Browngardt: I think they’re timeless. I think the characters are timeless. The relatability to these characters, the situations that you can write with these characters, the stories you can tell with these characters, and humor you can tell with these characters speak to all ages and cultures around the world. It doesn’t matter who you are, I think you can enjoy them.

You rarely find somebody who goes, “Boy, I hate Looney Tunes.” It’s not something you hear. And I don’t know if I want to be around somebody that says that. But I think they’ve stood the test of time, and I think they’ll be standing more tests of time as time progresses in the future. They’re just so damn entertaining, and they’re so damn timeless.

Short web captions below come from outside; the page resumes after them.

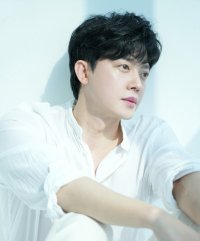 Min Ji-hyuk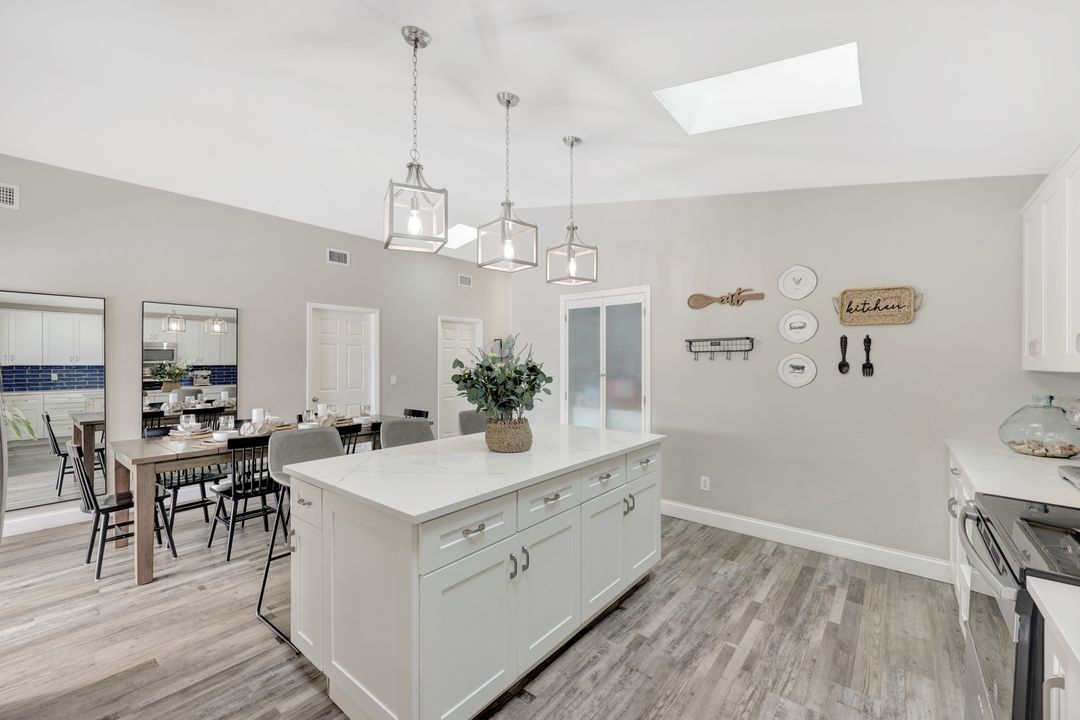 738 101st Ave N, Naples, FL 34108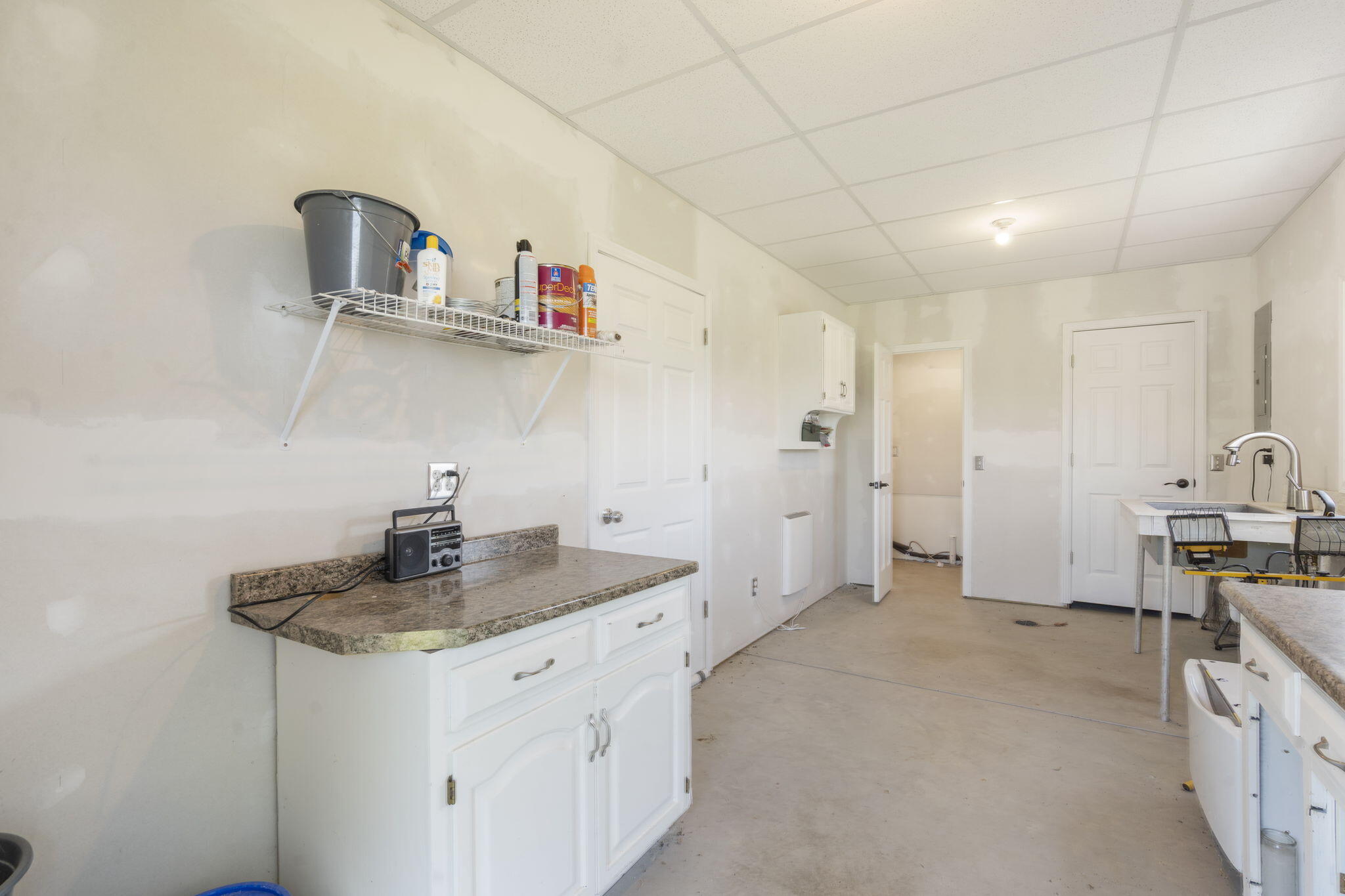 97 Riverside Drive Property Photo 7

It’s just sort of magic in a bottle, and it’s daunting to have to go and have this responsibility. But I just go, “Well, this is going to be ours.” We had a little bit of an origin story for Porky and Daffy in there, and I was like, “Oh jeez, I gotta tell the story of these characters,” but then I think every short they were doing something different. They would be babies in one, or they’d be this and that. It resets for these things.

So I didn’t feel like I was messing up canon or something with Looney Tunes. I feel like this is our movie, and that’s it. It is what it is. Somebody else can make a different Looney Tunes movie that’ll be totally different.

The Day the Earth Blew Up: A Looney Tunes Movie screened at the 2024 Animation Is Film festival. It will be released in the United States in 2025.